= 1876 Hartley colonial by-election =

By-election in New South Wales, Australia

A by-election was held for the New South Wales Legislative Assembly electorate of Hartley on 21 April 1876 because the Committee of Elections and Qualifications found that Thomas Brown had an office of profit under the crown and declared that his seat was vacant.

==Dates==

| Date | Event |
|---|---|
| 24 February 1876 | Question referred to the Committee of Elections and Qualifications. |
| 22 March 1876 | The Committee of Elections and Qualifications reported that Thomas Brown was disqualified from sitting. |
| 28 March 1876 | Seat declared vacant. |
| 29 March 1876 | Writ of election issued by the Speaker of the Legislative Assembly. |
| 13 April 1876 | Nominations |
| 21 April 1876 | Polling day |
| 30 June 1876 | Return of writ |

==Committee of Elections and Qualifications==
Thomas Brown owned land at Eskbank at what is now Lithgow, some of which was acquired using Robert Pitt as a dummy or proxy, circumventing the Lands Act 1861. Coal was mined at the property and William Pitt was the colliery manager. In October 1875 Thomas Brown responded to a tender for the supply of coal to the railway, however no contract was awarded. In December 1875 a fresh tender was called and William Pitt personally submitted a tender which was accepted. Samuel Gray said in the Legislative Assembly that Thomas Brown leased the colliery to William Pitt and that the only connection between them was one of landlord and tenant.

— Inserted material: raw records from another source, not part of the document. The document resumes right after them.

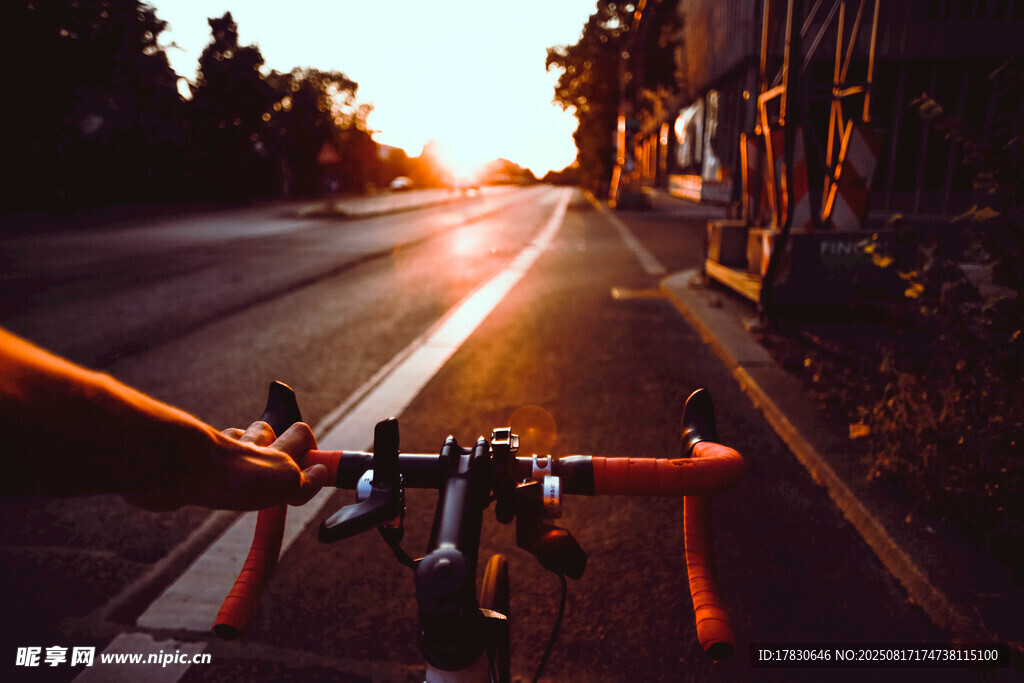夕陽下的自行車騎行視角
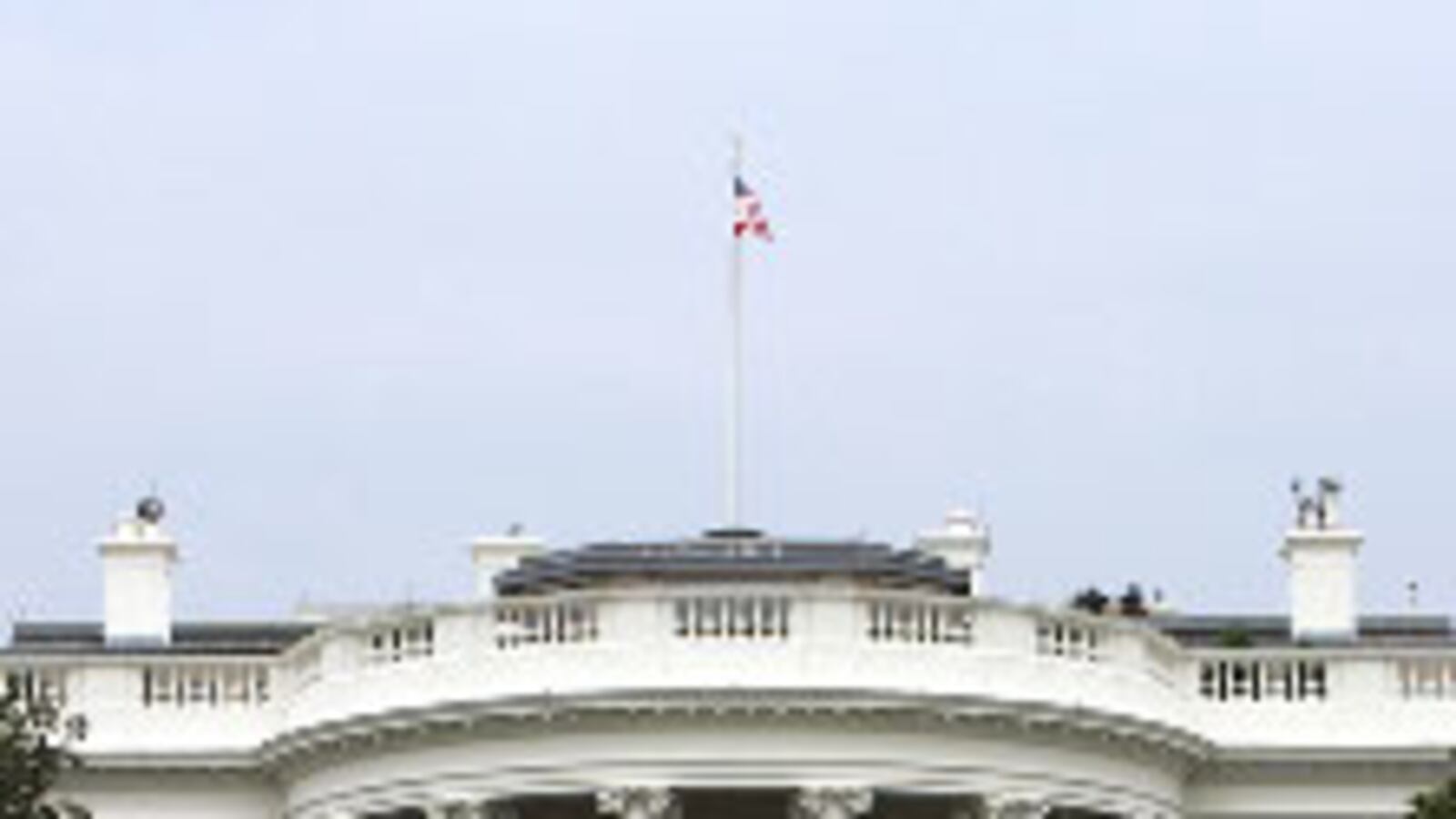 cheats/2009/01/08/fake-white-house-for-sale/main-the-white-house_um9th1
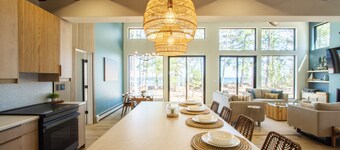 Lake Superior & River Luxury Home-1,000 ft of Beachfront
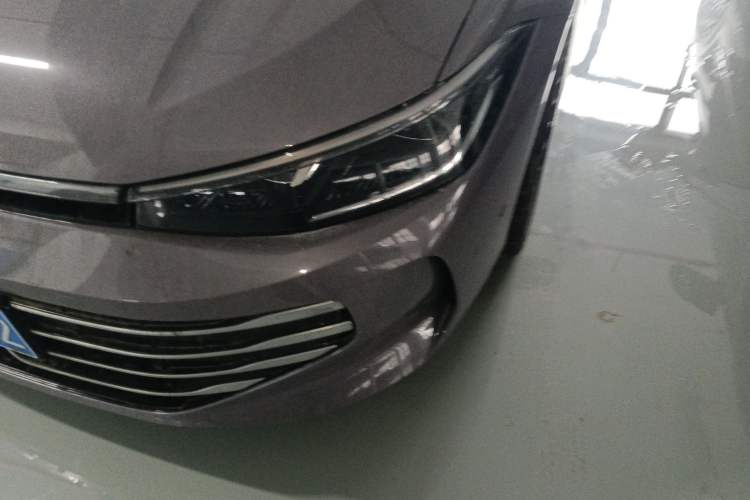 Used Volkswagen Passat 2025 Pro 380TSI Dragon Supreme Edition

The Committee found that Thomas Brown was the owner of the Eskbank Colliery, the coal supplied by William Pitt was taken from the Eskbank Colliery and that Thomas Brown had a "direct interest in a contract entered into with the Government by the said William Pitt for the supply of engine coal for the Great Southern and Western Railways" and was therefore disqualified from being a member of the Legislative Assembly.

After the Committee report was tabled Thomas Brown attempted to resign, however the Legislative Assembly adopted the report of the committee and declared the seat was vacant.

The question of whether Hugh Taylor had an interest in a contract for the supply of meat to the government asylum at Parramatta was referred to the committee on the same day as Thomas Brown. Taylor resigned after the report on Thomas Brown had been tabled, but before the committee had reported on whether he too was disqualified, and the resulting by-election was held on Thursday 20 April.

==Result==

1876 Hartley by-election Friday 21 April
| Candidate |  | Votes | % |
|---|---|---|---|
| John Hurley (elected) |  | 339 | 52.1 |
| James Neale |  | 722 | 45.2 |
| Total formal votes |  | 651 | 100.0 |
| Informal votes |  | 0 | 0.0 |
| Turnout |  | 651 | 37.4 |

The Committee of Elections and Qualifications found that Thomas Brown had an office of profit under the crown and declared that his seat was vacant.